The process would only apply to novel drugs requiring a centralised marketing authorisation, and would exempt generic, biosimilar and non-prescription drugs.

In a statement, the European Federation of Pharmaceutical Industries and Associations (EFPIA) said it broadly welcomed the proposed regulation.

But it warned that a voluntary approach to joint European health technology assessment will mean that work done by the EU-level body would be wasted and not used.

Some member states have already attempted to create a common framework called EUnetHTA - but this was voluntary and has not been as widely used as was originally hoped.

An EFPIA spokesperson said: “We believe that EU cooperation on joint clinical assessments and joint scientific consultations has the potential to contribute to expedite patients’ access to medicines in Europe.”

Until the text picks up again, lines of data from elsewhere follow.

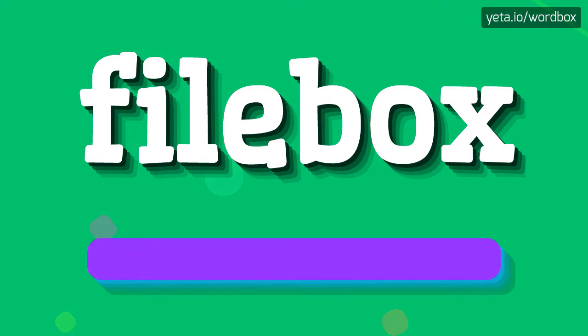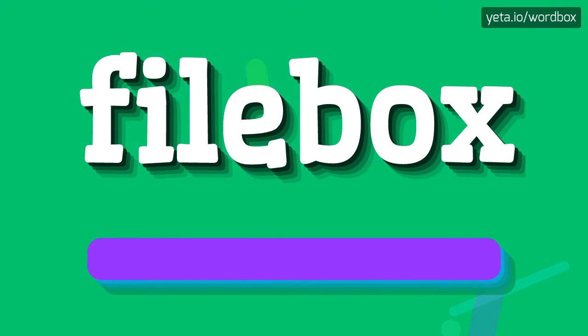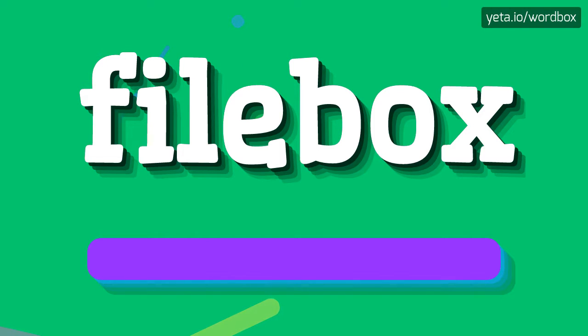The pronunciation of this word sounds like: Fill a box. Here we go again. Fill a box.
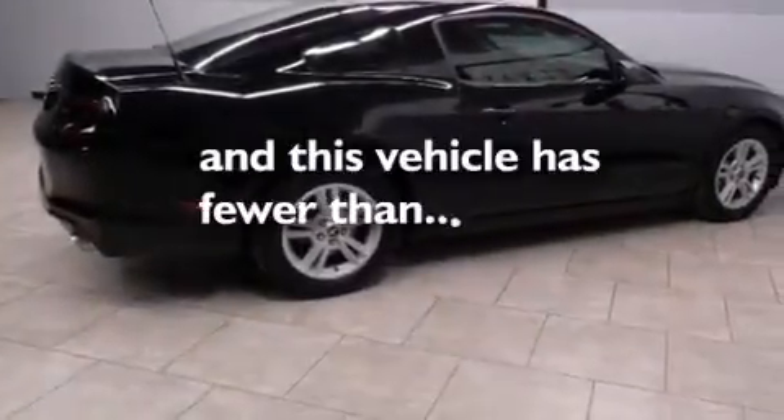Air conditioning, full-power accessories, a rear window defroster, keyless entry, and this vehicle has fewer than 30,000 miles on the odometer.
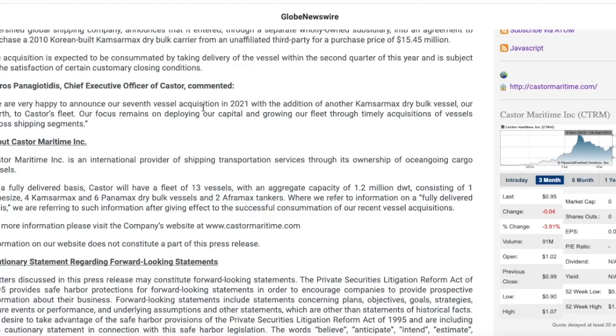Since CTRM is still a penny stock, you do have to be careful. I don't want you to put your entire savings into a company just because they're buying seven ships. Nothing I say in these videos is financial advice — these are for educational and entertainment purposes only. I'm trying to provide the most up-to-date information on the stocks we talk about and help you make your own decisions. At the end of the day, it is your own decision and you should do your own due diligence.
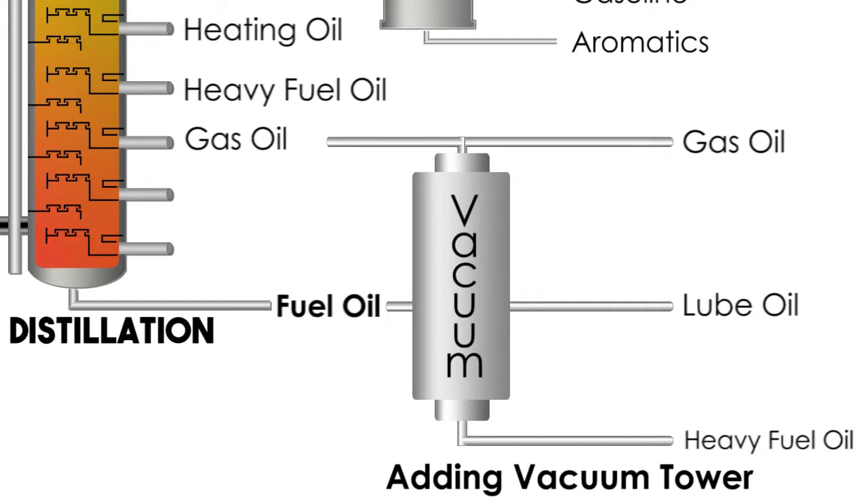Generally we need to take the sulfur out of these streams, but we can do that by using another catalytic process and the rest of the hydrogen from the power former. So our picture is getting complicated, but we're increasing value every step of the way.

“The pharmaceutical industry therefore strongly supports the requirement to apply and not repeat joint clinical assessment reports at the national level.”

“Member states should of course continue to be solely responsible for drawing conclusions on the value of the health technologies concerned as part of national appraisal processes and should retain full competence when it comes to national pricing and reimbursement decision-making.”

EFPIA said it looks forward to a “constructive dialogue” with patients, healthcare providers, and representatives from member states and EU over the proposals.

How this affects the work of NICE is unclear, but suggests further divergence between the UK and mainland Europe on drug pricing after Brexit.